Recuperación del castro
El castro de Xaz y su entorno gozan de protección patrimonial y su recuperación está vinculada al proyecto de construcción del campo de golf y la urbanización previstos en el entorno del pazo, pero mientras la rehabilitación del poblado castreño no se produce el lugar continúa cerrado de vegetación, con abundante maleza en el suelo y con árboles que cada vez comen más terreno al camino que los separa de las viviendas de la zona.
La reclamación presentada por Marcos Heredero no fue la única que dirigió al Ayuntamiento por el mismo asunto. Hace dos años ya solicitó al gobierno municipal que podase los árboles, pero aunque desde el Concello le aseguraron que la responsabilidad no era suya, sino de la promotora del campo de golf, lo cierto es que de inmediato acudieron operarios municipales a cortar las ramas.

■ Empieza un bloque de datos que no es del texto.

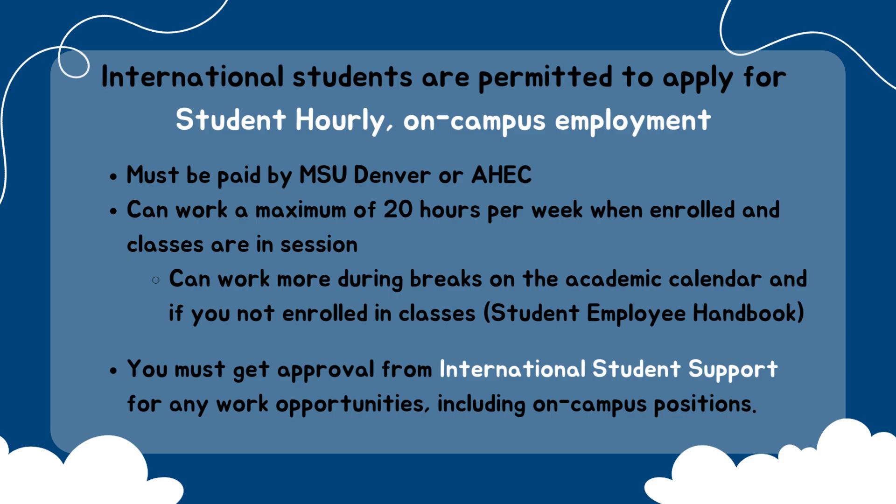You must get approval before pursuing any work opportunities. This includes on-campus positions. Please contact International Student Support to discuss your eligibility.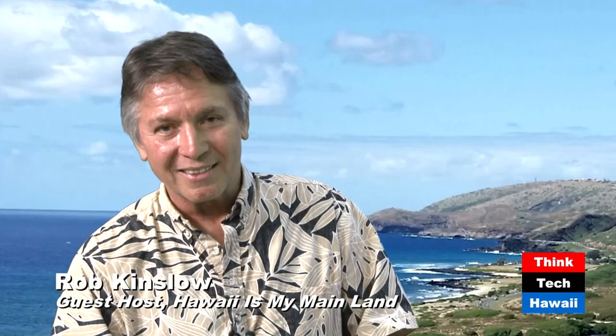Welcome back to Hawaii is my Mainland. I am Rob Kinslow, guest hosting for Kaui Lucas. Today we have with us Kristen Olivera, a young community sustainable systems designer who works at Kukua Kalihi Valley. In this next segment, we're going to talk about where she's going in the future and what she'd like to create here in Hawaii. Welcome back.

«Al final hasta casi fue peor, porque al poco tiempo volvieron a salir con más fuerza», señala Heredero, quien asegura que para garantizar la seguridad en el vecindario sería necesario o talar los árboles que están más próximos al camino o realizar tareas de mantenimiento y poda de la zona boscosa cada poco tiempo, ya que al riesgo de caída de ramas o incluso árboles enteros se añade el peligro de incendio debido a la falta de limpieza del castro.
En la actualidad, varios pinos de grandes dimensiones extienden sus ramas por encima del camino hasta llegar a la altura de algunas viviendas. Algunos ejemplares presentan también ramas secas que apenas se sostienen del tronco por la corteza y que, según los residentes, podrían ceder en cualquier momento por la acción del viento.